Section 2: celery.service Configuration

  1. Create the Service File: Navigate to the /etc/systemd/system directory and create a new file named celery.service.

  2. Defining the Unit: In the celery.service file, describe the service and set its dependencies:

     [Unit]
     Description=Celery Service
     After=network.target
    
  3. Configure the Service: Define the service type, user, group, and reference the celeryd configuration file:

     [Service]
     Type=forking
     User=aksha1706
     Group=aksha1706
     EnvironmentFile=/etc/default/celeryd
    
  4. Set Working Directory and ExecStart: Specify the working directory and the command to start the Celery service:

     WorkingDirectory=/home/akshaykaushik.eu.org/AI
     ExecStart=/bin/bash -c "source /home/akshaykaushik.eu.org/AI/.venv/bin/activate && \
       /home/akshaykaushik.eu.org/AI/.venv/bin/celery multi start ${CELERYD_NODES} \
       -A Project --pidfile=${CELERYD_PID_FILE} \
       --logfile=${CELERYD_LOG_FILE} --loglevel=${CELERYD_LOG_LEVEL}"
    
  5. Define ExecStop and ExecReload: Specify the commands to stop and reload the Celery service:

     ExecStop=/bin/bash -c "source /home/akshaykaushik.eu.org/AI/.venv/bin/activate && \
       /home/akshaykaushik.eu.org/AI/.venv/bin/celery multi stopwait ${CELERYD_NODES} \
       --pidfile=${CELERYD_PID_FILE}"
     ExecReload=/bin/bash -c "source /home/akshaykaushik.eu.org/AI/.venv/bin/activate && \
       /home/akshaykaushik.eu.org/AI/.venv/bin/celery multi restart ${CELERYD_NODES} \
       -A Project --pidfile=${CELERYD_PID_FILE} \
       --logfile=${CELERYD_LOG_FILE} --loglevel=${CELERYD_LOG_LEVEL}"
    
  6. Define Installation: Specify the target for installation:

     [Install]
     WantedBy=multi-user.target
    
     [Unit]
     Description=Celery Service
     After=network.target
    
     [Service]
     Type=forking
     User=aksha1706
     Group=aksha1706
    
     EnvironmentFile=/etc/default/celeryd
     WorkingDirectory=/home/akshaykaushik.eu.org/AI
     ExecStart=/bin/bash -c "source /home/akshaykaushik.eu.org/AI/.venv/bin/activate && \
       /home/akshaykaushik.eu.org/AI/.venv/bin/celery multi start ${CELERYD_NODES} \
       -A Project --pidfile=${CELERYD_PID_FILE} \
       --logfile=${CELERYD_LOG_FILE} --loglevel=${CELERYD_LOG_LEVEL}"
     ExecStop=/bin/bash -c "source /home/akshaykaushik.eu.org/AI/.venv/bin/activate && \
       /home/akshaykaushik.eu.org/AI/.venv/bin/celery multi stopwait ${CELERYD_NODES} \
       --pidfile=${CELERYD_PID_FILE}"
     ExecReload=/bin/bash -c "source /home/akshaykaushik.eu.org/AI/.venv/bin/activate && \
       /home/akshaykaushik.eu.org/AI/.venv/bin/celery multi restart ${CELERYD_NODES} \
       -A Project --pidfile=${CELERYD_PID_FILE} \
       --logfile=${CELERYD_LOG_FILE} --loglevel=${CELERYD_LOG_LEVEL}"
    
     [Install]
     WantedBy=multi-user.target
    

    Enabling and Starting Celery

    To activate and initiate Celery as a systemd service, follow these steps:

    • Run sudo systemctl daemon-reload to reload systemd manager configuration.

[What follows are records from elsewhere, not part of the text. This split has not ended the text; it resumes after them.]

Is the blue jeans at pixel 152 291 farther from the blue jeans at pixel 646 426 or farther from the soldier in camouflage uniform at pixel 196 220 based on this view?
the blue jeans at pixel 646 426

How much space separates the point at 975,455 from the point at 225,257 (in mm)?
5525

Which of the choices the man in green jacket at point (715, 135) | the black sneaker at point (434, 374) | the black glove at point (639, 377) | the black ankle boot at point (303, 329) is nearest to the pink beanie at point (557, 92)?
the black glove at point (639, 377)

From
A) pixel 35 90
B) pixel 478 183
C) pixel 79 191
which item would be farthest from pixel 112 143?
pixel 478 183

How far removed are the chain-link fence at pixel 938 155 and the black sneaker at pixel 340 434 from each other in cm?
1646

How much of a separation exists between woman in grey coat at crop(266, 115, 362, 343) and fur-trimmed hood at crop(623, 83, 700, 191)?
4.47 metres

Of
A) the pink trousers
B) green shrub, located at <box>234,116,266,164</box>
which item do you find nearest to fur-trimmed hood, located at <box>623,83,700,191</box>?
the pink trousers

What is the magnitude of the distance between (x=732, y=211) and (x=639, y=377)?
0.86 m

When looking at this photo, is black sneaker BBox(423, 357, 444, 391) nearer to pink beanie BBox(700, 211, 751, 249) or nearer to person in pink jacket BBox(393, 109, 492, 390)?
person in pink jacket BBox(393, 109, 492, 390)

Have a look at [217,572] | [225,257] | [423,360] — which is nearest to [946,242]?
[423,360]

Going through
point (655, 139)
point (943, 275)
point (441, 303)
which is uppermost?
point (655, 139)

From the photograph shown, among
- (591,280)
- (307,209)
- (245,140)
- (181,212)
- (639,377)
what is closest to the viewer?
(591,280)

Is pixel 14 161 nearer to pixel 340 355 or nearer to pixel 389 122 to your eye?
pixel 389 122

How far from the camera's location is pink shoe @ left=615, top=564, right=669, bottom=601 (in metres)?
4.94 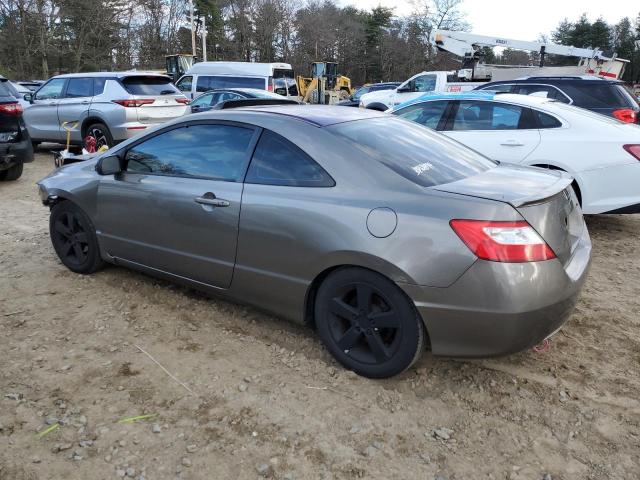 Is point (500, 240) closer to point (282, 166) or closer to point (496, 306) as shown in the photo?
point (496, 306)

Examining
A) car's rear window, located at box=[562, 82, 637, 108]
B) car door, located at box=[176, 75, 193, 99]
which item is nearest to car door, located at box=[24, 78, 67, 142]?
car door, located at box=[176, 75, 193, 99]

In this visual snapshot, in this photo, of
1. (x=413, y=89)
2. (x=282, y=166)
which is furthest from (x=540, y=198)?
(x=413, y=89)

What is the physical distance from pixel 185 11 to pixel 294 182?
176 feet

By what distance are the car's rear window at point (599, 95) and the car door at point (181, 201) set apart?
28.4 feet

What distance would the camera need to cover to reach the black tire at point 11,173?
344 inches

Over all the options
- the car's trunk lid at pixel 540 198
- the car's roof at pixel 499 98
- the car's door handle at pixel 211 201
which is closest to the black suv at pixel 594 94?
the car's roof at pixel 499 98

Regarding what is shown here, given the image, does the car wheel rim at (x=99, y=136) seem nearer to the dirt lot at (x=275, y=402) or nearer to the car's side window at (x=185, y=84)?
the dirt lot at (x=275, y=402)

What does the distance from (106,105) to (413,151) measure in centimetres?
852

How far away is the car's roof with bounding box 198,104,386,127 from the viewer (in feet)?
10.6

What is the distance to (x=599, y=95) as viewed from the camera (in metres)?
9.71

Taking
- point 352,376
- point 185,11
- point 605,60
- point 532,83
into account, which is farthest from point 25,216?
point 185,11

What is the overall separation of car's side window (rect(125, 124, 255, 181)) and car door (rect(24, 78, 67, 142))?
27.4 ft

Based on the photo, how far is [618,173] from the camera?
17.1 feet

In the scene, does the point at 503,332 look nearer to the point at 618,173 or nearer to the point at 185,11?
the point at 618,173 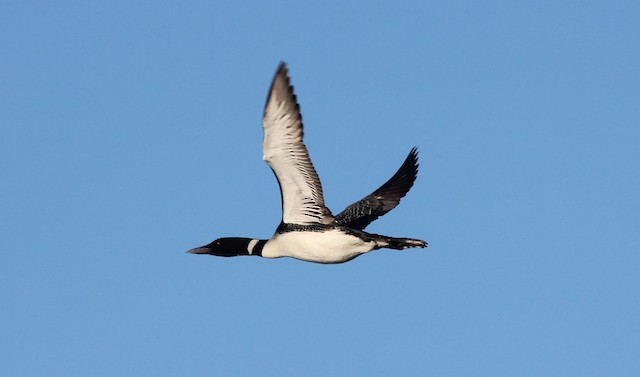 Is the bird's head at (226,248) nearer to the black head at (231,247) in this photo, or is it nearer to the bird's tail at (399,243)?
the black head at (231,247)

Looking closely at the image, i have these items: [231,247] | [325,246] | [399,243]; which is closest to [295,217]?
[325,246]

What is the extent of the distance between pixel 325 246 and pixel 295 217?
0.71 metres

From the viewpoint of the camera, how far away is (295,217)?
59.8ft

    • Enable the Celery service: sudo systemctl enable celery.

    • Start the Celery service: sudo systemctl restart celery.

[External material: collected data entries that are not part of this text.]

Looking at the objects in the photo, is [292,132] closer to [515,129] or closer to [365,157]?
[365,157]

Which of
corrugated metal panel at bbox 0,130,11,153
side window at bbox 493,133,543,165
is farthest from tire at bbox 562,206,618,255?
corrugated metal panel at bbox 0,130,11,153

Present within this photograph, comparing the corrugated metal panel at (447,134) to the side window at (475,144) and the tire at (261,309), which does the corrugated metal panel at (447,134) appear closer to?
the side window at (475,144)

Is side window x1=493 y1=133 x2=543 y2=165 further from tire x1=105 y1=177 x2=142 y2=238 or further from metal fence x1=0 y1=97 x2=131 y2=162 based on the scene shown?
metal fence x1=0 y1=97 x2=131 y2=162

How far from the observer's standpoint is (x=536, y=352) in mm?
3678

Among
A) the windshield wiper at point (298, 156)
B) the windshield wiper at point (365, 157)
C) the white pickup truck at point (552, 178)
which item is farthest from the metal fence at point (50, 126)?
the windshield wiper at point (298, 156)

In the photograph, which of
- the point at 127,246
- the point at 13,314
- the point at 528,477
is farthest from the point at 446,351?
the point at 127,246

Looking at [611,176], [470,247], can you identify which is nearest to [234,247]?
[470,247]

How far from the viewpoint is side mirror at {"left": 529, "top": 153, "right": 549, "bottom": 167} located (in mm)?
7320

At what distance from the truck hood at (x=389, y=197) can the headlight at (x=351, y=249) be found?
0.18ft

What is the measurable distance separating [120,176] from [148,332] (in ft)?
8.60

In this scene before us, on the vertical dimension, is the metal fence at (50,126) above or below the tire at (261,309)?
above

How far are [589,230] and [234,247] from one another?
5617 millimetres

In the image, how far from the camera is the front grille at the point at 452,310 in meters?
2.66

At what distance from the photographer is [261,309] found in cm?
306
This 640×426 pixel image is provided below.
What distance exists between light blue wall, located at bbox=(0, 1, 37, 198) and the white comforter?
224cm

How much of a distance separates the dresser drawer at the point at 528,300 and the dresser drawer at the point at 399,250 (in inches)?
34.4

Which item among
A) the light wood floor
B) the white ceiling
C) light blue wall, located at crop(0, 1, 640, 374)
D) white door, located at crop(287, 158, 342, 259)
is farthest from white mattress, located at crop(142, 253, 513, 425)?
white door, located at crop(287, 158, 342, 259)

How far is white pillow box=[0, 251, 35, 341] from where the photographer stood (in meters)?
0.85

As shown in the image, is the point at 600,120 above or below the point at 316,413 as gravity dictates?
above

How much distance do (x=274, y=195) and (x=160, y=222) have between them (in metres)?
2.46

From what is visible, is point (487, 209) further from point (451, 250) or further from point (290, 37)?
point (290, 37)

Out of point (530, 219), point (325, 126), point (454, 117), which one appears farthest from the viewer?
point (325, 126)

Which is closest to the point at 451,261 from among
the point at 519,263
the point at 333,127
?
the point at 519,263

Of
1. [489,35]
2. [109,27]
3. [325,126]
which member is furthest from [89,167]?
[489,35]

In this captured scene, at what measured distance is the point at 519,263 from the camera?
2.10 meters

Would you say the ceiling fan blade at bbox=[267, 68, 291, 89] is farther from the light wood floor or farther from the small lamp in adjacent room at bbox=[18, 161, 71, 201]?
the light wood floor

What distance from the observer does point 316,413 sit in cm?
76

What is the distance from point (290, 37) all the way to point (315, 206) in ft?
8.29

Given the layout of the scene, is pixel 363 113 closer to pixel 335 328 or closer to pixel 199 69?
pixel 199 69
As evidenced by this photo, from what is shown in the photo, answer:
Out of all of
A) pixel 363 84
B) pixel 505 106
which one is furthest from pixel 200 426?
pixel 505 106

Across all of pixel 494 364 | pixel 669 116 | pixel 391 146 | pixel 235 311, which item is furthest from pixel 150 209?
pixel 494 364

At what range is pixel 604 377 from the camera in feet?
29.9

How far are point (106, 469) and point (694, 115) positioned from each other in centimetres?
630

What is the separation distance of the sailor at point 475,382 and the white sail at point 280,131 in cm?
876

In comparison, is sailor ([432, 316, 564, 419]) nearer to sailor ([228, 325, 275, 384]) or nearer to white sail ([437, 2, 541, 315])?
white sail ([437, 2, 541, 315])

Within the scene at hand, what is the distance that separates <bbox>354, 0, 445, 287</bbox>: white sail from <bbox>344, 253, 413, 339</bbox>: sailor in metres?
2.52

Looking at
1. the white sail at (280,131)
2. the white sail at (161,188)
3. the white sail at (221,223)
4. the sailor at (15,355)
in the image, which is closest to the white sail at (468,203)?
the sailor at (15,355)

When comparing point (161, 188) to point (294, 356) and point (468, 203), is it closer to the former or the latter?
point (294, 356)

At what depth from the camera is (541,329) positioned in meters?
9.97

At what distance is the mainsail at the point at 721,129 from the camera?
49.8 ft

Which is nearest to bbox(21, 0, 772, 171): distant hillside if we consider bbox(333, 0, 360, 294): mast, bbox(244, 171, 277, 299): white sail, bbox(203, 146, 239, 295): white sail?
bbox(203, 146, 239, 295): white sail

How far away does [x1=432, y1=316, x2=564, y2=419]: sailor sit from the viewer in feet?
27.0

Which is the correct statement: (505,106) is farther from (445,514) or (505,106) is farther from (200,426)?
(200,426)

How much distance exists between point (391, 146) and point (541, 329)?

With these commands, you'll have Celery up and running as a background service.

Running Celery

To use Celery with your Django project, you need to run it. After activating the virtual environment and navigating to your Django project folder, execute the following command:

    celery -A CELERY_APP_NAME worker -l INFO

Make sure to replace CELERY_APP_NAME with your actual project name. This command initiates Celery as a worker, ready to process tasks.

In case you need to make changes or updates, rerun the three commands mentioned above. This ensures that your Celery service remains active and responsive.

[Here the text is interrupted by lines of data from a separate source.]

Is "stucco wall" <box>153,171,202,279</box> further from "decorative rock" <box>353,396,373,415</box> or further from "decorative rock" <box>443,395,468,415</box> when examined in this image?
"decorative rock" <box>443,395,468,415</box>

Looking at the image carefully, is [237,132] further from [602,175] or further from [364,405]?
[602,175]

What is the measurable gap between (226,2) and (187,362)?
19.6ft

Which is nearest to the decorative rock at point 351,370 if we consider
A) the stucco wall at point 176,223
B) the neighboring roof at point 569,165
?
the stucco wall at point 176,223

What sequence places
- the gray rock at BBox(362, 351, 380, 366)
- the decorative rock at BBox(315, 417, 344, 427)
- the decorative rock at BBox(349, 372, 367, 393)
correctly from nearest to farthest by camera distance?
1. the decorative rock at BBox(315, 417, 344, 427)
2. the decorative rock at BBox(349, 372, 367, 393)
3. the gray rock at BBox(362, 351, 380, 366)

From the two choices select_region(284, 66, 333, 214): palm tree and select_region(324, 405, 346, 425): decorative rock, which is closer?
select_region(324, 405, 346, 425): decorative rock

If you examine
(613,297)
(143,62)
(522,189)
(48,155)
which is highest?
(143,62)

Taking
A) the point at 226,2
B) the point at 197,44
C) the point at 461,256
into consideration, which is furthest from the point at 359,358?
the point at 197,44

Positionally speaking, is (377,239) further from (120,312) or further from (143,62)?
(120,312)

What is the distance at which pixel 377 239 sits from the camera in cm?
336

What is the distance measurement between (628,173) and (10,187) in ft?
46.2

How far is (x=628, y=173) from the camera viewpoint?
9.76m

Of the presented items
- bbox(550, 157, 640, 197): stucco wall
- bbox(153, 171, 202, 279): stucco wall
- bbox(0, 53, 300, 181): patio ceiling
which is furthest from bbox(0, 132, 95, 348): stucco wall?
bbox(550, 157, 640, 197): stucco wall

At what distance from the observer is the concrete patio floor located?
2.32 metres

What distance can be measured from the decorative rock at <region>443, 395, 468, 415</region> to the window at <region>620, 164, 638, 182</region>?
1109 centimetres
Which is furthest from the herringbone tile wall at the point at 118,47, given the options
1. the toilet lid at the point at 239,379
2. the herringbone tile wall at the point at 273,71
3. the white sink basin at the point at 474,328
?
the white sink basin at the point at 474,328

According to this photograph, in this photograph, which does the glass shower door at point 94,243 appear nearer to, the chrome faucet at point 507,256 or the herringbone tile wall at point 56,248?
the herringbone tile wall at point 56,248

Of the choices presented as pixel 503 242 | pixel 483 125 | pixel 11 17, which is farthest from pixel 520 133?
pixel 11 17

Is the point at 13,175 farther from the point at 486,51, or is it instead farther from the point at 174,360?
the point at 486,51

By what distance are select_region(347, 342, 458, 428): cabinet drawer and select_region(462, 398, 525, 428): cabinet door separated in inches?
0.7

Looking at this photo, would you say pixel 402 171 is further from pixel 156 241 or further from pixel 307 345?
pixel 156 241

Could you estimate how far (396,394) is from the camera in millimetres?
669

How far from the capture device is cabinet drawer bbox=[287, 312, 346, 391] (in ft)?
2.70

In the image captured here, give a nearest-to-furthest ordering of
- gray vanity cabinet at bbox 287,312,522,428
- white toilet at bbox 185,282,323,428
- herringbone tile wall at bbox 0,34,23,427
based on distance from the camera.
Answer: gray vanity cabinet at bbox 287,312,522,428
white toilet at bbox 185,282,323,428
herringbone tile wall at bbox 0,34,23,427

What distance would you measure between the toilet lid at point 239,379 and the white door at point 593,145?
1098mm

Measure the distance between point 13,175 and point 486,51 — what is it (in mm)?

Conclusion: Congratulations! You've successfully configured Celery for your Django project on an Ubuntu server. The celeryd and celery.service files are now optimized to handle asynchronous tasks efficiently. By following these detailed steps, even newcomers to development can set up Celery with ease. Don't forget to run the specified commands to finalize the configuration and enjoy enhanced performance and scalability for your Django application. Happy coding!